Protectionism fears and foreign exchange rates dominate arguments over deep imbalances in fragile world economy
G20 Activists – AFP image |
Phillip Inman and Patrick Wintour
Guardian
David Cameron arrived in South Korea tonight ahead of the G20 summit amid concerns that leaders of the world’s most powerful nations will fail to agree rules designed to safeguard the global economic recovery, defuse trade tensions and prevent a repeat of the financial crisis.
Gathering on a group of three islands specially built for the summit near Seoul, leaders will spend the next two days in fraught discussions about how to iron out the growing rifts between export-rich countries and debt-laden consumer nations.

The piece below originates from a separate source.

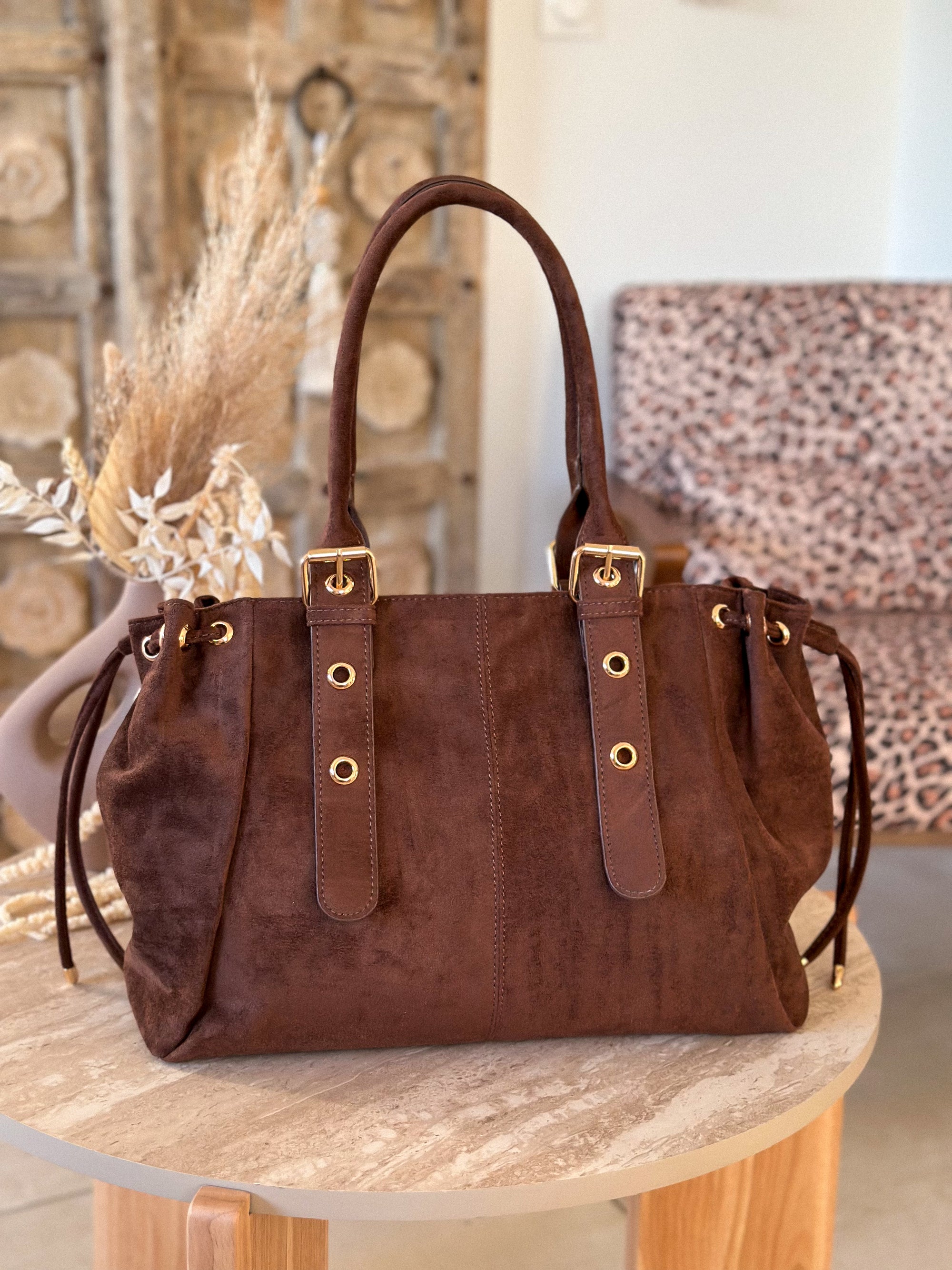 Grand sac cabas femme mariela en suédine chocolat Mëya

Protectionism and foreign exchange rates will be central to the debate.
The United States wants China to allow the yuan to rise faster and believes that Beijing is keeping its currency low to gain a trade advantage. But the US negotiators face a rough ride, especially in the wake of last week’s new $600bn round of quantitative easing, which has angered many G20 nations, including China and Germany, who believe the move is designed to weaken the dollar – boosting US exports – and ignores the global repercussions it is likely to provoke. Already the euro is at a two-year high against the dollar.
On the eve of the summit, World Bank president Robert Zoellick said the largest economies “need pro-growth policies, structural reforms, open trade and an anti-protectionist agenda”. He said that further support from governments to support growth would build confidence in private sector development.
Zoellick considers the return to growth in most developed countries to be fragile and is concerned that a slowdown next year could not only raise poverty levels in developing nations but also leave countries such as Ireland and Portugal to suffer deep cuts in wealth and social unrest.